***** DATA
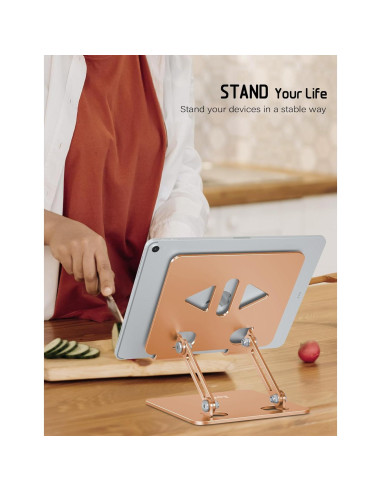 Soporte Ajustable para Tablet Aoviho T2 Aluminio Dorado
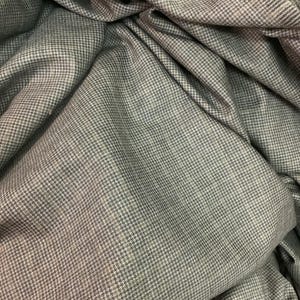 Gray Gold Plaid Cashmere Wool Fabric - Italian Designer Super 120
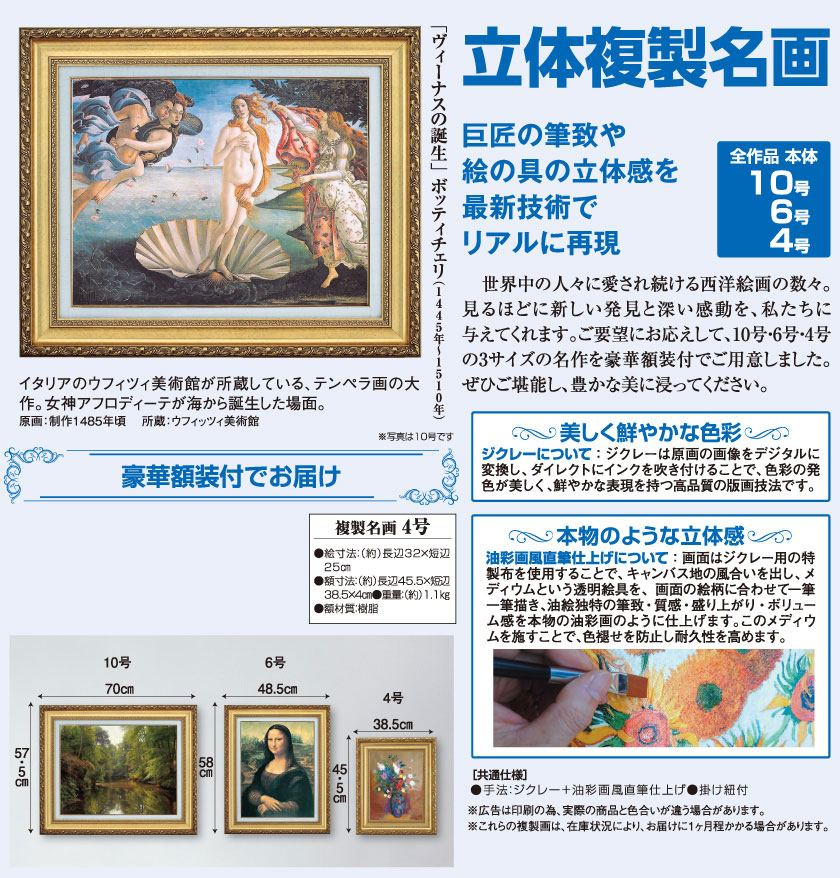 ボッティチェリ 「ヴィーナス誕生」 4号 立体複製名画 【5％ポイント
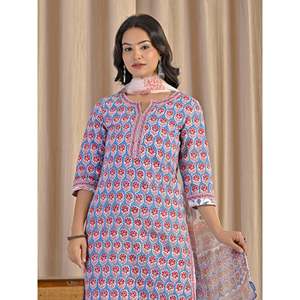 Light Blue Hand Drawn <b>Block</b> <b>Printed</b> Cotton Kurta Pant Set Indian Ethnic Suit for Girls for Daily Wear Parties Special Occasions - Product Image 1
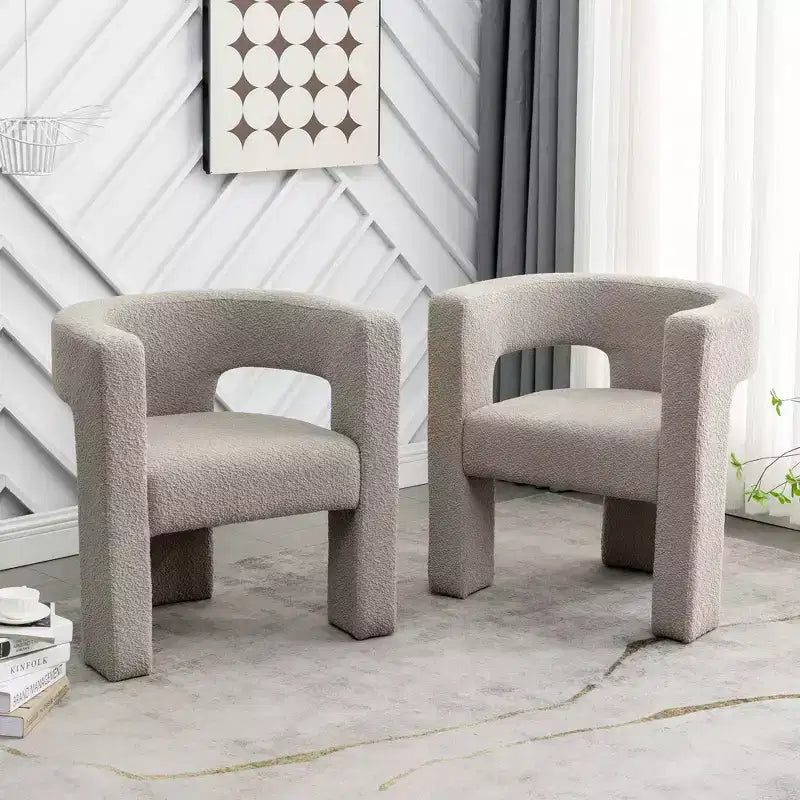 Ensemble de 2 fauteuils rembourrés en tissu bouclette à accoudoirs carrés de 71 cm de large - Kinwell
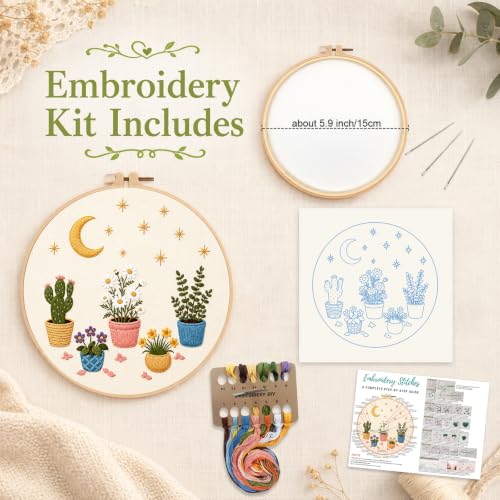 Nuberlic Potted Plant Embroidery Kit for Beginners - color: Botanical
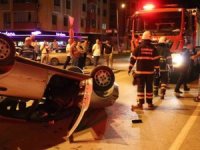 Edirne’de kontrolden çıkan otomobil takla attı: 2 yaralı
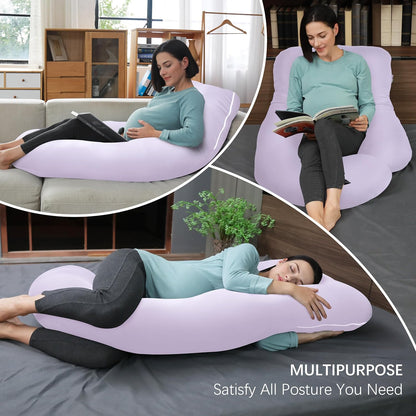 MOON PARK Pregnancy Pillows for Sleeping - 57 Inch U Shaped Full Body Maternity Pillow with Removable Cover - Support for Back, Legs, Belly, Hips - Pregnancy Pillow for Women - Grey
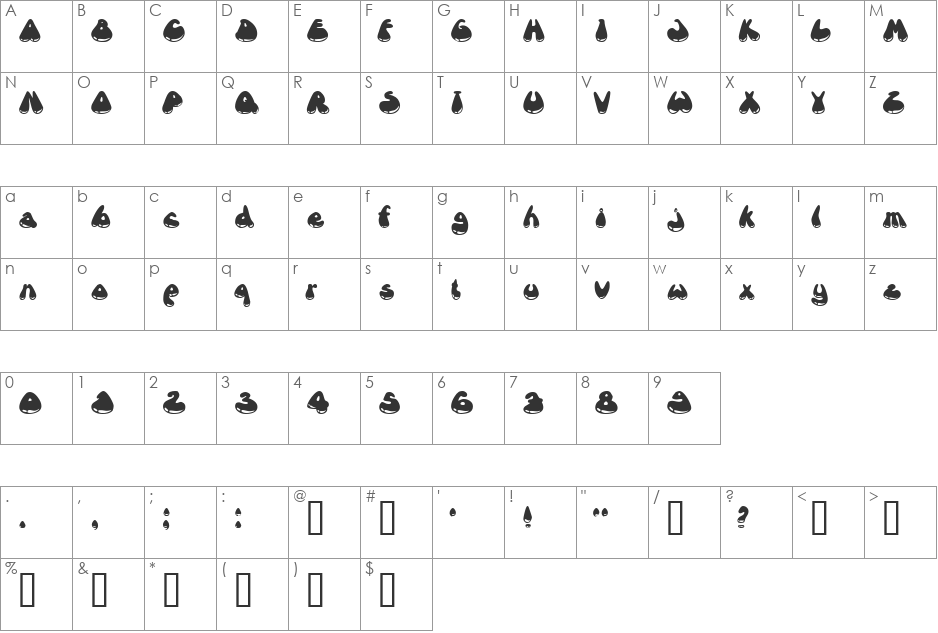 DROOPY font character map preview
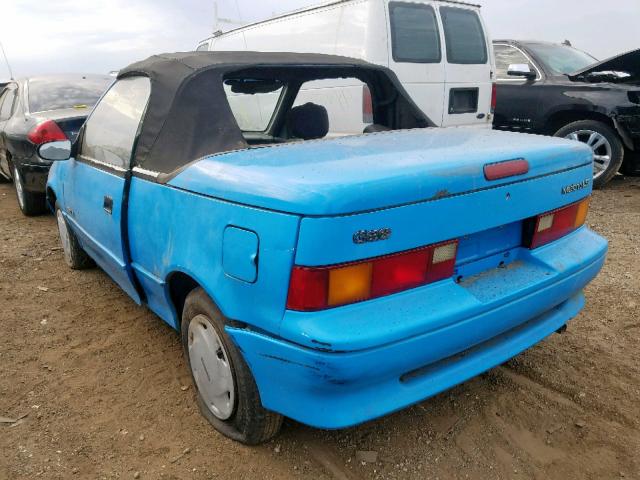 JG1MR3362MK611756 - 1991 GEO METRO LSI BLUE photo 3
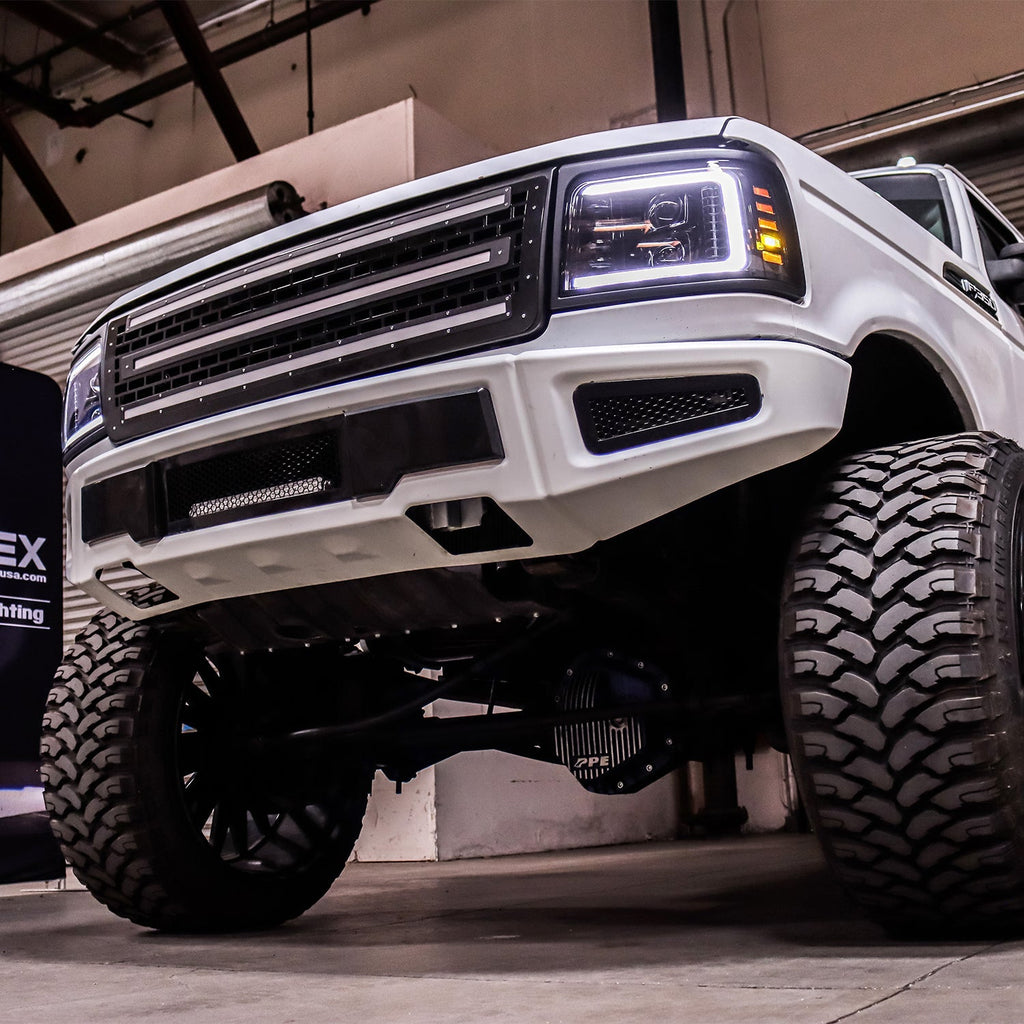 92-96 Ford F-Series/Bronco LUXX-Series LED Projector Headlights Black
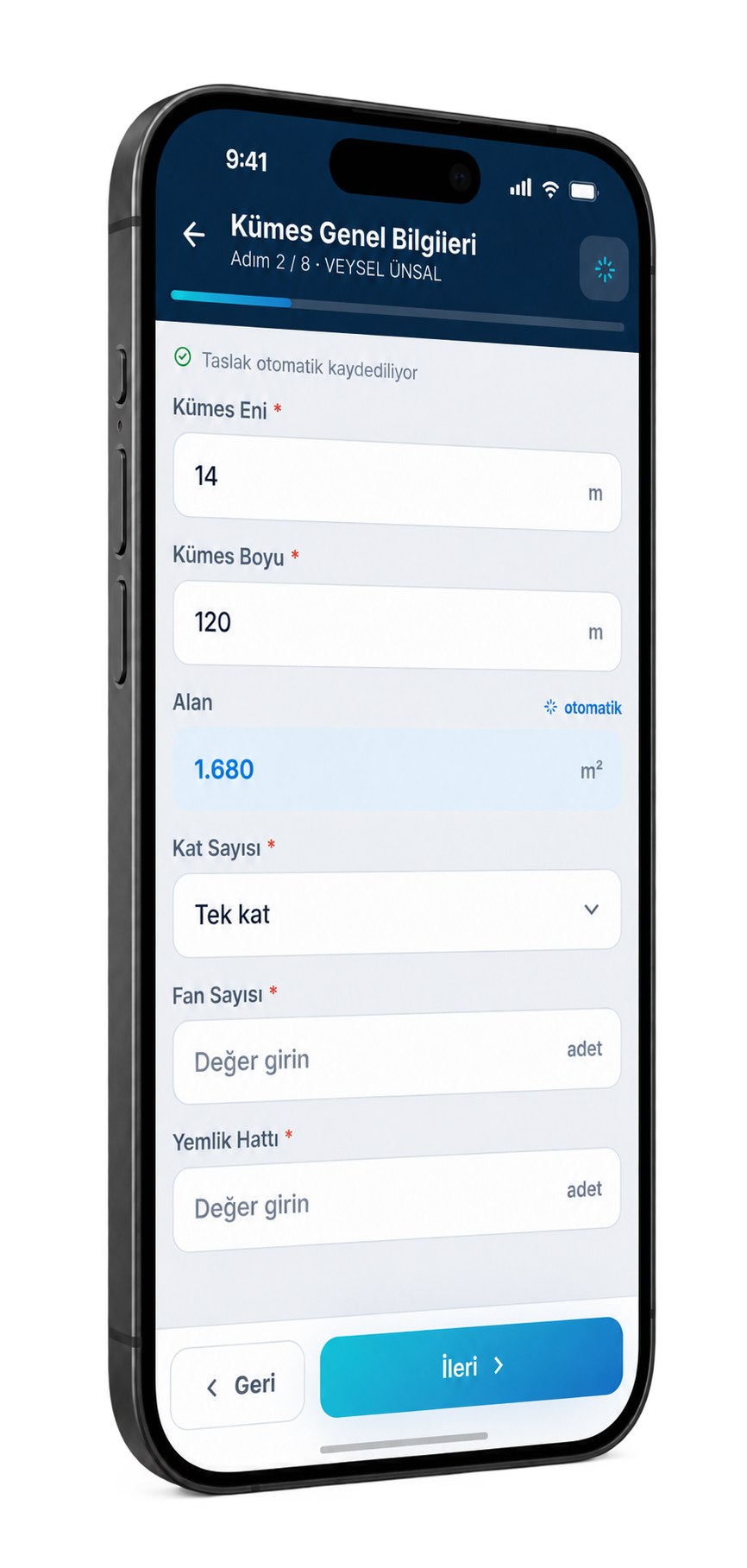 Novintek mobil uygulamasında kurallı kümes bilgileri formu
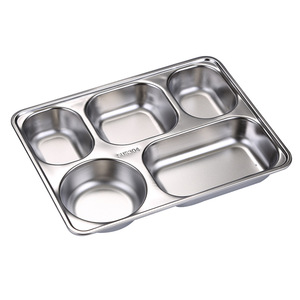 Stainless Steel Compartment Plate 304 Four Five Section Dual Side Electrolytic Treatment For School Hotel Cafeteria - Product Image 3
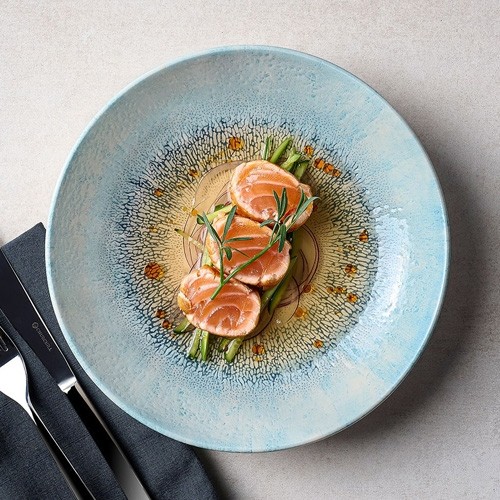 Coupeschaal diam. 21,7cm. Studio Prints Fusion Aquamarine Blue Churchill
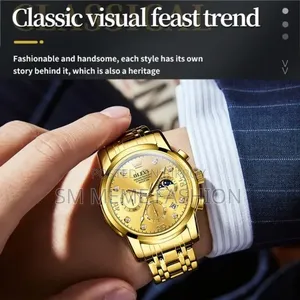 Olevs 2889 Ch – Gold Olevs 2889 Quartz Stainless Steel Strap Watch
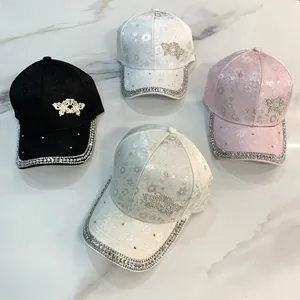 Elegant Satin Jacquard Floral Baseball Cap For Women With Rhinestone Butterfly Detail Fashion Sunshade Adjustable Peak Cap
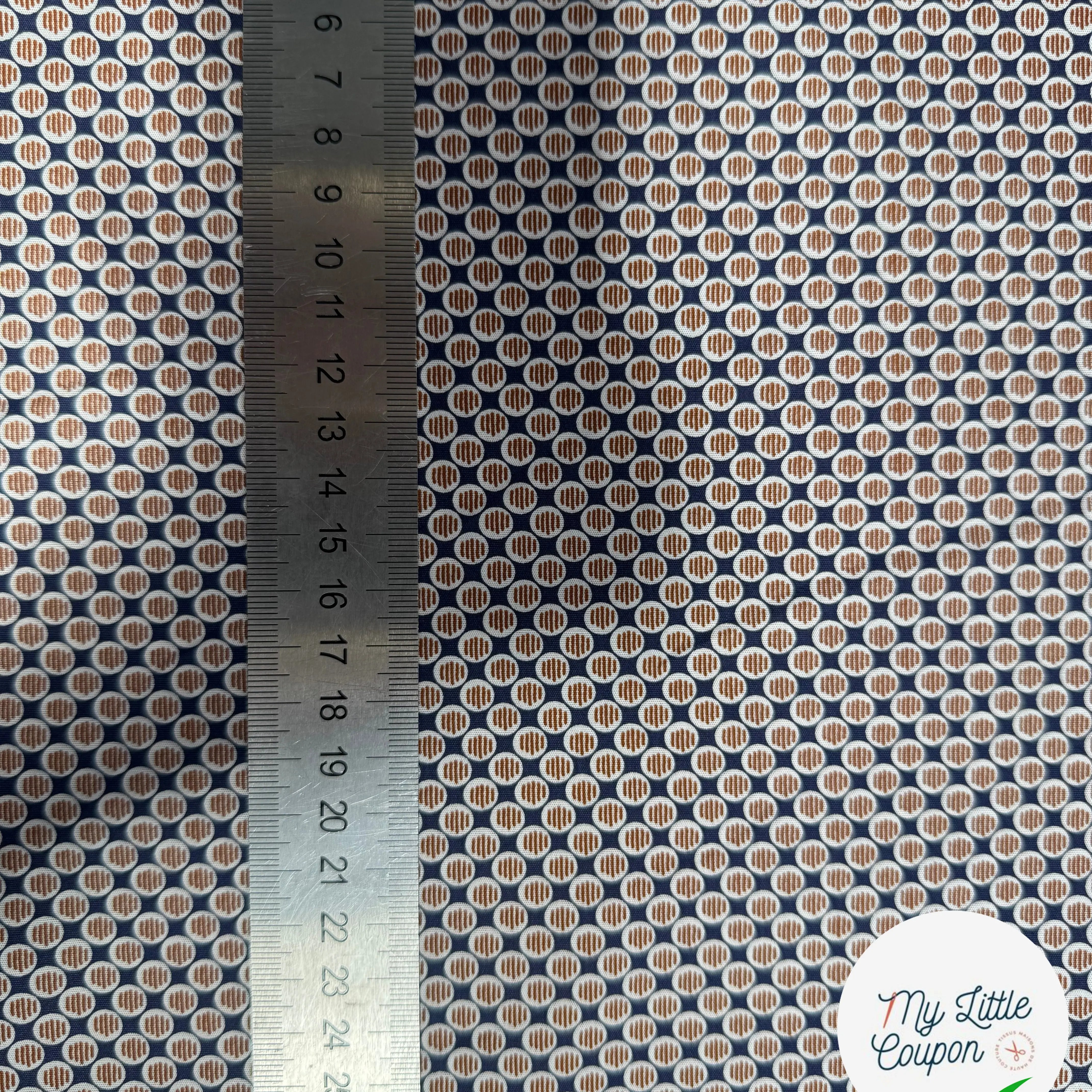 POPELINE DE COTON BELLE TENUE MOTIFS CIRCULAIRE GEOMÉTRIQUE FOND BLEU - My Little Coupon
**********
▶ [WORK ORDER] A faithful copy of each entry is required, and no picture may be carried into it.

▶ [RESPONSE TO THE EXERCISE]
 Soporte Ajustable para Tablet Aoviho T2 Aluminio Dorado
 Gray Gold Plaid Cashmere Wool Fabric - Italian Designer Super 120
 ボッティチェリ 「ヴィーナス誕生」 4号 立体複製名画 【5％ポイント
 Light Blue Hand Drawn <b>Block</b> <b>Printed</b> Cotton Kurta Pant Set Indian Ethnic Suit for Girls for Daily Wear Parties Special Occasions - Product Image 1
 Ensemble de 2 fauteuils rembourrés en tissu bouclette à accoudoirs carrés de 71 cm de large - Kinwell
 Nuberlic Potted Plant Embroidery Kit for Beginners - color: Botanical
 Edirne’de kontrolden çıkan otomobil takla attı: 2 yaralı
 MOON PARK Pregnancy Pillows for Sleeping - 57 Inch U Shaped Full Body Maternity Pillow with Removable Cover - Support for Back, Legs, Belly, Hips - Pregnancy Pillow for Women - Grey
 DROOPY font character map preview
 JG1MR3362MK611756 - 1991 GEO METRO LSI BLUE photo 3
 92-96 Ford F-Series/Bronco LUXX-Series LED Projector Headlights Black
 Novintek mobil uygulamasında kurallı kümes bilgileri formu
 Stainless Steel Compartment Plate 304 Four Five Section Dual Side Electrolytic Treatment For School Hotel Cafeteria - Product Image 3
 Coupeschaal diam. 21,7cm. Studio Prints Fusion Aquamarine Blue Churchill
 Olevs 2889 Ch – Gold Olevs 2889 Quartz Stainless Steel Strap Watch
 Elegant Satin Jacquard Floral Baseball Cap For Women With Rhinestone Butterfly Detail Fashion Sunshade Adjustable Peak Cap
 POPELINE DE COTON BELLE TENUE MOTIFS CIRCULAIRE GEOMÉTRIQUE FOND BLEU - My Little Coupon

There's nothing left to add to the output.